Return exactly the line that contains "NORTH TOWER AT THE POINT - Residential" and all lines beneath it in the entries, through the very last one.

Items from a data source
• • • •

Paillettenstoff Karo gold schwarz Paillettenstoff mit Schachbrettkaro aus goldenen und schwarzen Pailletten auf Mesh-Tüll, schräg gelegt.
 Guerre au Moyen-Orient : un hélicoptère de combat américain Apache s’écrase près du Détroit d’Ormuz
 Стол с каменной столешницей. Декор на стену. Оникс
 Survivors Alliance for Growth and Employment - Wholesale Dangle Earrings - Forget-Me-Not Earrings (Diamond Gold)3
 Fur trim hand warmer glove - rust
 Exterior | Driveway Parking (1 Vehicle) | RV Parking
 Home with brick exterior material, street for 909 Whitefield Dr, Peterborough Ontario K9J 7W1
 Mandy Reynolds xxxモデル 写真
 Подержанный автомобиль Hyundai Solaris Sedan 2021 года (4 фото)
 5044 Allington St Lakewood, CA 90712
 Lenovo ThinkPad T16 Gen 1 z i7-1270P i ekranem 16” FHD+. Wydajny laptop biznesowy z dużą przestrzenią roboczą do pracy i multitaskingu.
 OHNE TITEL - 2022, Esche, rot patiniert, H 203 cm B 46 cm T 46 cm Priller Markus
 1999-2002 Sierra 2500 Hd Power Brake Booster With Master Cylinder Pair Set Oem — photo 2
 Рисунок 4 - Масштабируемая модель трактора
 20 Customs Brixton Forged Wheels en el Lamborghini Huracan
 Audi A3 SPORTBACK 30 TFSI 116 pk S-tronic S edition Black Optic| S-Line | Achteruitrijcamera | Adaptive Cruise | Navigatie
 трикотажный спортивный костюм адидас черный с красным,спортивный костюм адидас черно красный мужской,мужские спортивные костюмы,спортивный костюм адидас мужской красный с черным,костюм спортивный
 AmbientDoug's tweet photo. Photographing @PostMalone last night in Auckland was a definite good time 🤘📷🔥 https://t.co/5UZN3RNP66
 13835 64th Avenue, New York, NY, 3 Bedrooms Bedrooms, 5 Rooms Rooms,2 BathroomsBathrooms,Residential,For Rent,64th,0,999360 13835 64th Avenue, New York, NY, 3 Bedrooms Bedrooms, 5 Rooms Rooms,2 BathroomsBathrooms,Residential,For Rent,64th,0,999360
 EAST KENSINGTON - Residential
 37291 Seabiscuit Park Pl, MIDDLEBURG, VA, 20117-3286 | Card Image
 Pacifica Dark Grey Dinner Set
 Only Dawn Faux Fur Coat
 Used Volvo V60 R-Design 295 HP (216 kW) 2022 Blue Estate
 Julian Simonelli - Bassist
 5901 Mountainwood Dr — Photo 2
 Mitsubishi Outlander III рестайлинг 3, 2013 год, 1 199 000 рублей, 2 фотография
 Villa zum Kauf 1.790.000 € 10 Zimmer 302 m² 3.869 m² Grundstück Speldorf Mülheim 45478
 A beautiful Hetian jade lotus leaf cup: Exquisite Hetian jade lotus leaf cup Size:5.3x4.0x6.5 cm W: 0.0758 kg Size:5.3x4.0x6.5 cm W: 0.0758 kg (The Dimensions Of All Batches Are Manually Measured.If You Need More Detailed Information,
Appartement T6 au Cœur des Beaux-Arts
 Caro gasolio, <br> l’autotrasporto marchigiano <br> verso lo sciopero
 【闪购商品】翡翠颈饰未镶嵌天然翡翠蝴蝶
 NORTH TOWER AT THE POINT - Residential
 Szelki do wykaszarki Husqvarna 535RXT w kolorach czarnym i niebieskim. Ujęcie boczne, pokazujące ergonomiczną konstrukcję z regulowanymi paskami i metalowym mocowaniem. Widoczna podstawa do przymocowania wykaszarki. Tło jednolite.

• • • •

Response to the task:
 NORTH TOWER AT THE POINT - Residential
 Szelki do wykaszarki Husqvarna 535RXT w kolorach czarnym i niebieskim. Ujęcie boczne, pokazujące ergonomiczną konstrukcję z regulowanymi paskami i metalowym mocowaniem. Widoczna podstawa do przymocowania wykaszarki. Tło jednolite.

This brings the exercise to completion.